> _WHAT THIS TASK INVOLVES_
In the data below, set down exactly the lines from the one containing "6 ft. W x 4" up to and including the one containing "Red Logo Fleece". Leave the pictures out.

> _SUPPLIED ENTRIES_
*** Block opens ***

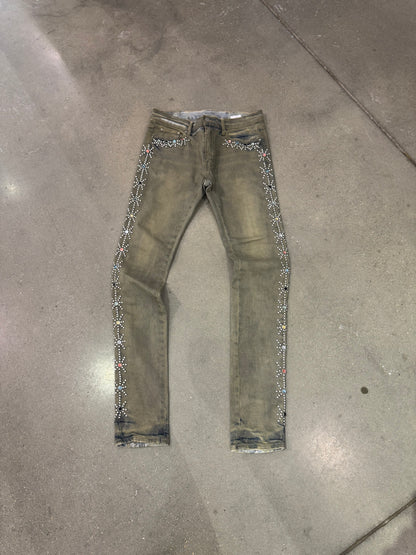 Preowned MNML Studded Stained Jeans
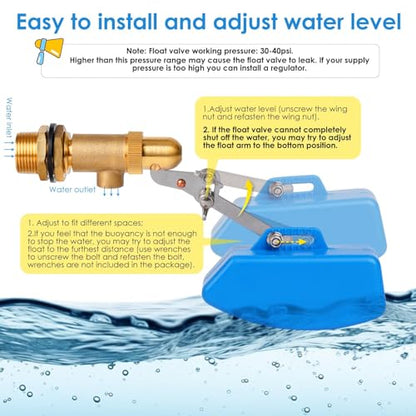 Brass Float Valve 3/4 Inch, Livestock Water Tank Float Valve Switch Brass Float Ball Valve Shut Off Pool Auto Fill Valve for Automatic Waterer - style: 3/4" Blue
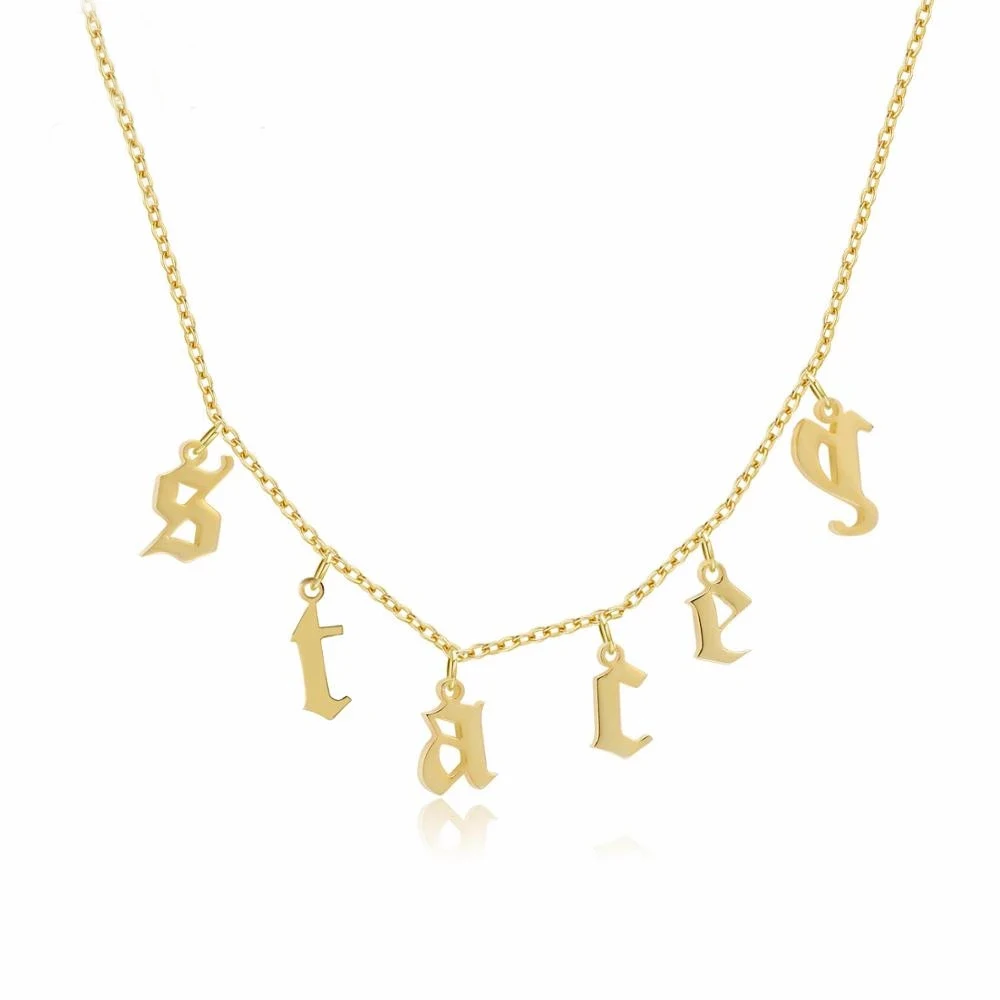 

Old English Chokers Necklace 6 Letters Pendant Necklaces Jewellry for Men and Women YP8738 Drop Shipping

*** Block closes ***
*** Block opens ***

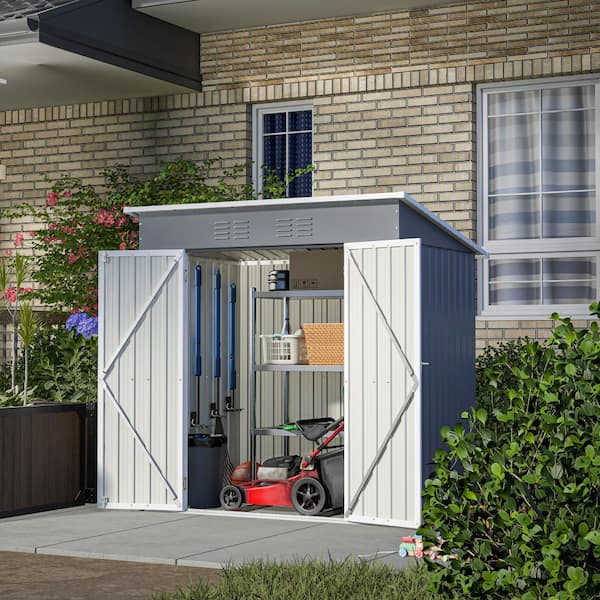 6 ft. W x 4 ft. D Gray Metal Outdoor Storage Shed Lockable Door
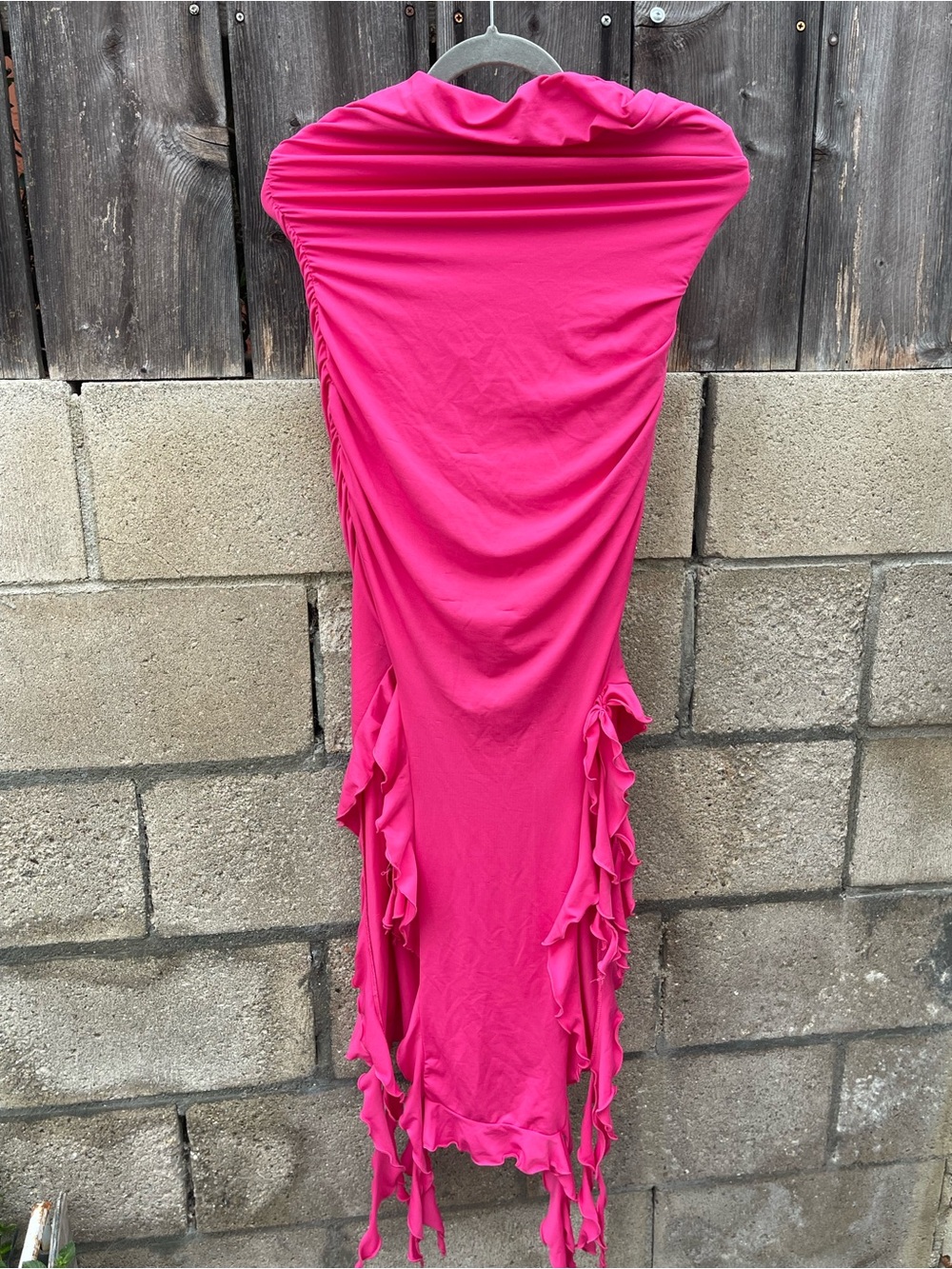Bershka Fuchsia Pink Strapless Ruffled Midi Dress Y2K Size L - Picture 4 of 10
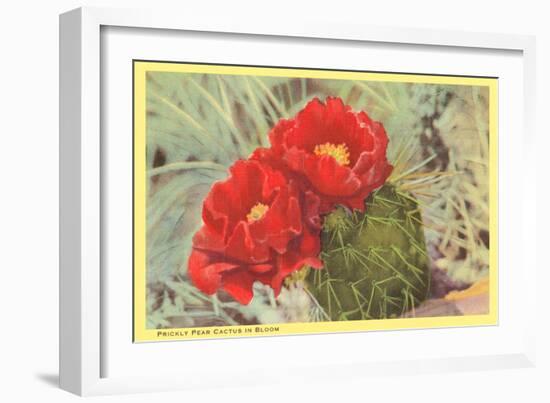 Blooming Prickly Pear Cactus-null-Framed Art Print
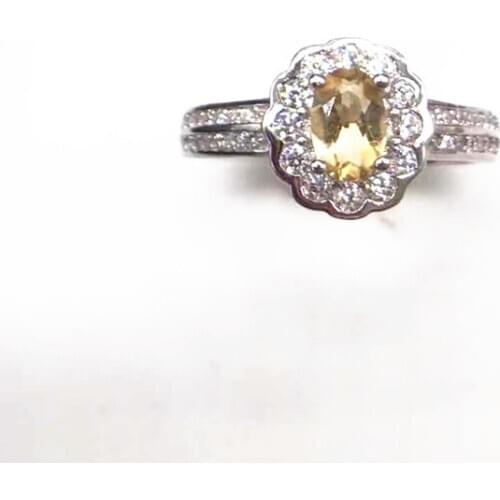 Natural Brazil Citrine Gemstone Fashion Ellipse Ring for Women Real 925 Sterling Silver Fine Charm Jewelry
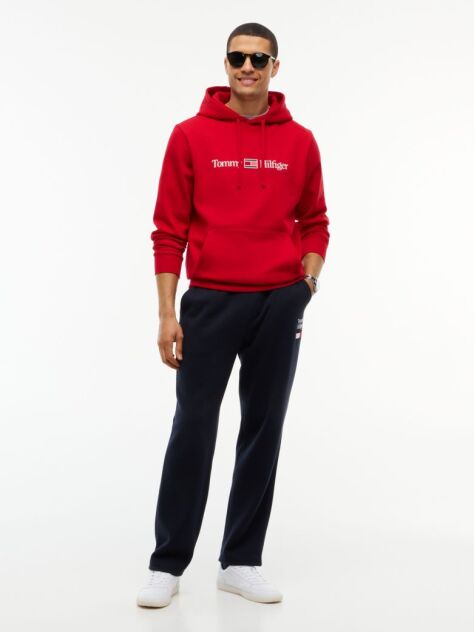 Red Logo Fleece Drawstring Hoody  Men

*** Block closes ***

> _WRITTEN SOLUTION_
 6 ft. W x 4 ft. D Gray Metal Outdoor Storage Shed Lockable Door
Bershka Fuchsia Pink Strapless Ruffled Midi Dress Y2K Size L - Picture 4 of 10
 Blooming Prickly Pear Cactus-null-Framed Art Print
 Natural Brazil Citrine Gemstone Fashion Ellipse Ring for Women Real 925 Sterling Silver Fine Charm Jewelry
 Red Logo Fleece Drawstring Hoody  Men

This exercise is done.